Also, "addr" expands to my home address,

tyf - Thank you for your attention in this matter.

fyi - For your information.

Take the time to set them up and you never have to rely on shorthand again. 🙂
 
Ewww. No thanks. I turned off all autocorrect or replacement features years ago. I type every word, to the letter, on all my devices thank you very much. I'd rather correct my own errors than Apples.
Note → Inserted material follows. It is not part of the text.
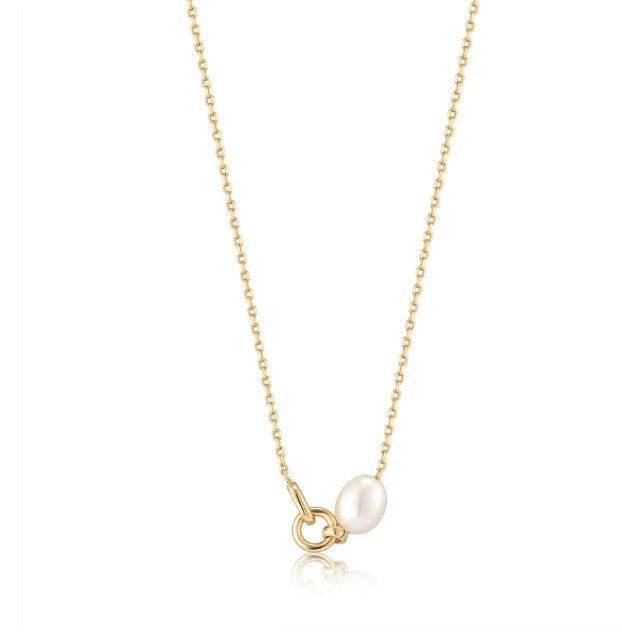 Gold Vermeil Ania Haie Pearl Link Chain Necklace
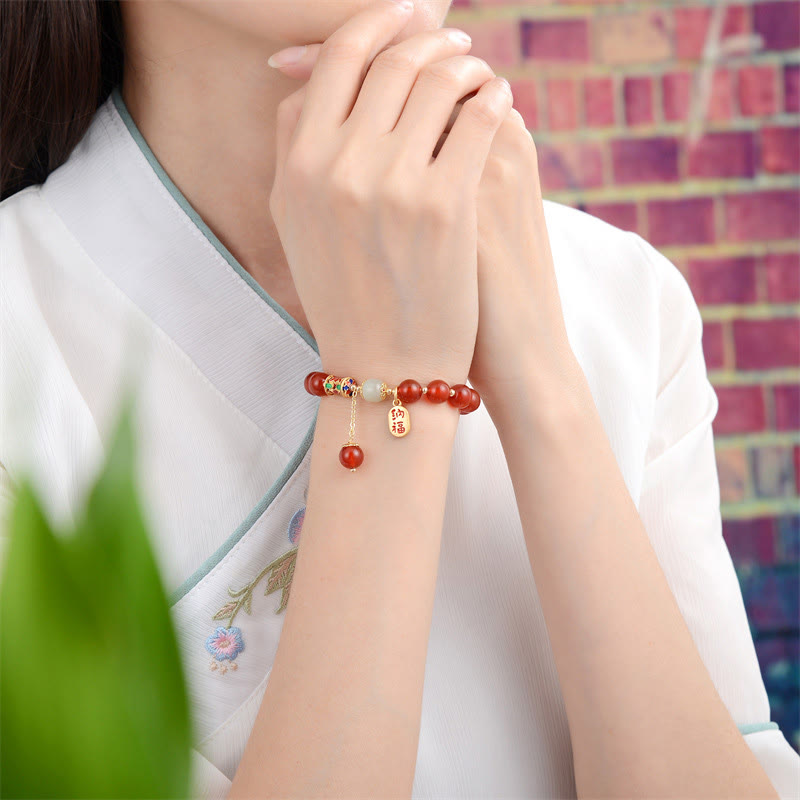 Bracelet porte-bonheur en jade et agate rouge naturelle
It all works a lot worse on non-english, and I'd rather keep remembering how to spell.

You are practising WYSIWIT (What You See Is What I Typed).
 
For common words, would strongly recommend using something like "(shrug)” instead of “shrug” in something like this, so you don’t inadvertantly make it impossible to use the normal word anymore.

iMac 2026-02-15 at 9.03.38 AM.png
 
I only had "OMW" and "OTW" from way back in the day when the feature was first added, 12-13 years ago? lol

I just added 10 more from the comments here, now lets see if I can remember to use them!
 
I only had "OMW" and "OTW" from way back in the day when the feature was first added, 12-13 years ago? lol
It's possible they may come back for a visit - I had "omw" that was an example provided by Apple - I deleted it after I finally got around to setting up my own, and Apple very "helpfully" added it back in at least half a dozen times.

I suspect that when it was sharing around between devices (Mac, iPhone, iPad), it was going "oh, hey, there's this 'omw' on one device that isn't on the others, we'll copy it around for you - you're welcome!" - you know, instead of saying, "oh, hey, this 'omw' shortcut was deleted on one system let's propagate that deletion everywhere".

I haven't seen it in a while, so it might be finally gone, but I'm not going to be super surprised if it pops up again.